I was laughing and crying with excitement as I drove across the Hood River Bridge between Oregon and Washington. I couldn’t believe I was moving to the beautiful state of Washington… It seemed so surreal for me at the moment. Shall I provide some backstory?
It was during the summer of 2015 that I fell in love with the northwest. The University of Georgia has a 2 month long summer program called the Interdisciplinary Field Program (IFP). This program takes a small group of students across the United States studying the geology, ecology, and anthropology of each place our vans are parked. As amazing as the schooling was for me, the meaning behind this flashback is to convey how life changing it was to live with the people of IFP. We formed a wholesome family, annoyances and all. It was incredible to be a part of such a thing. Students, teacher’s assistants, professors, and cooks sharing the world with one another… Because of this, I found my passion for building relationships with people in the glory of nature, and why I chose to join Mt. Adams Institute as a Public Lands Steward.
Now imagine finding yourself back in Georgia with this burning desire in your heart, but you have to sit down to write a paper. So i suffered… Somehow, I graduated with a degree in Anthropology from the University of Georgia, and, not surprisingly, that burning desire had dwindled. I was merely a recent graduate, only knowing that I wanted to be outside, fumbling around as I tried to conquer the complexity of USAJobs. Looking back now, I see that my mistake, and my fatal flaw, was my seclusion. I pushed away from the community I found on IFP, and was lost in my thoughts.
As usual, Taylor, my sister, saved the day! I woke up one day with a link to internships at the Golden Gate National Parks Conservancy in San Francisco, the city where my sister resides. Fast forward to me flying to San Francisco, interviewing for the job, networking with amazing people, ultimately deciding that my place was on the West coast, and then finding out I didn’t get the job. I hit the road anyways! In November of 2016, I, once again, found that sense of purpose and connection with the world I had pushed away from in my seclusion. San Francisco then became home, with opportunity everywhere and nowhere at the same time. Fast forward once more to the discovery of AmeriCorps, applications, interviews, denials, a job with the Geek Squad, tons of waiting, and a breathtaking call from the Mt. Adams Institute!

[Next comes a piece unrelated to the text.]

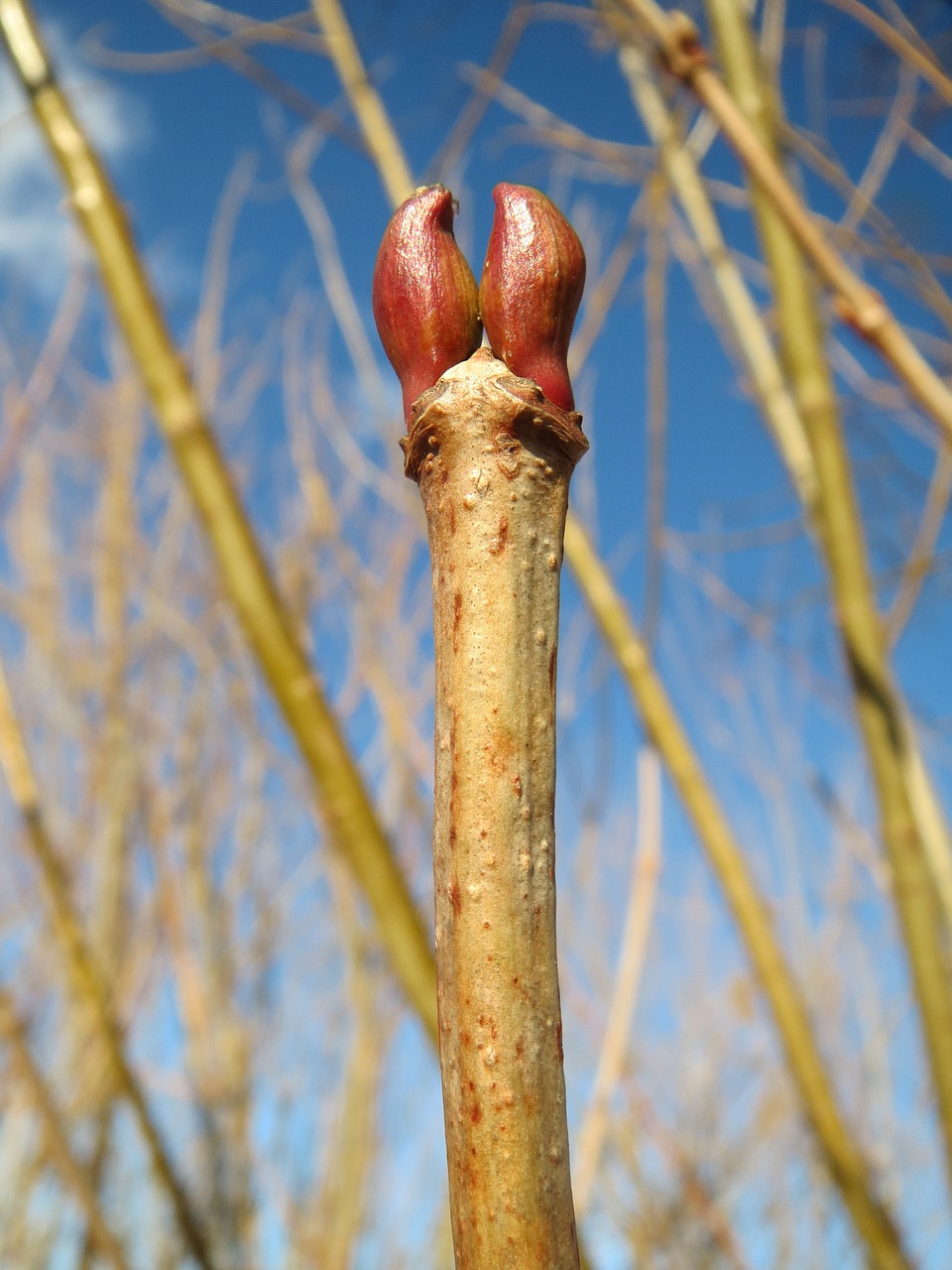 viburnum opulus guelder-rose buds free photo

It’s as I drove into Washington that, in the glimmer of a thought, I reflected on this journey. Surreal was not an exaggeration for me. I am beyond excited about this opportunity, and I will viciously fight for this dream I’ve found for myself. That brings me to the main purpose of this narrative, people. As I was journeying to my new job, I had no clue that 12 people, just as passionate and driven as me, were converging to the same place.
Mt. Adams Institute hosted an orientation week at their headquarters in Trout Lake, WA. So when I parked and got out of my car to look up at Mt. Adams, I decided that I would do all I could to form another family with these people like I did during IFP. I had one obstacle however. Orientation only lasts one week, and we all split into solo or 2-3 person groups as we head to our work sites located throughout Washington and Oregon. You needn’t worry though!
A large part of our group’s instantaneous cohesion can be attributed to the passion and energy shared with us by the staff of the Mt. Adams Institute. What really struck me was their heartfelt stories. It laid a foundation of thoughtfulness and ambition that really inspired me to give everything I had for my peers, superiors, and the public, whom these beautiful lands belong to. Our group was given all the tools necessary to form a community during the first day. We just had to run with it.
Even as enthusiastic as I’m portraying myself, I still experienced all of the strife a human feels when joining a new community. I felt doubt about my abilities, the desire to seclude myself, and impatience about not being at my real worksite yet. All of these things melted away each day as I forced myself to just be around these amazing people. We worked hard, learned hard, and ate hard all week.
It was between these shared work experiences that we got in a lot of laughs, philosophical discussions, and lakeside tomfoolery. For the second time in my life, I participated in the formation of a family with strangers. With that knowledge, I know for certain that one of the most important thing in life is the people you share it’s awesomeness with. That doesn’t mean that you can’t live a great life exploring, meditating, and knowing yourself. I love that stuff as well. But I found that you’re not going to experience the same kind of love and joy I felt after a week with strangers.
The people at my worksite in Cle Elum are just as incredible and complex! I hope they are prepared for the freight train of friendship named Jesse Merck. Oh yea… I forgot to explain what HAT means. In terms of kickball… HAT means annihilation. WE… ARE… HAT!!!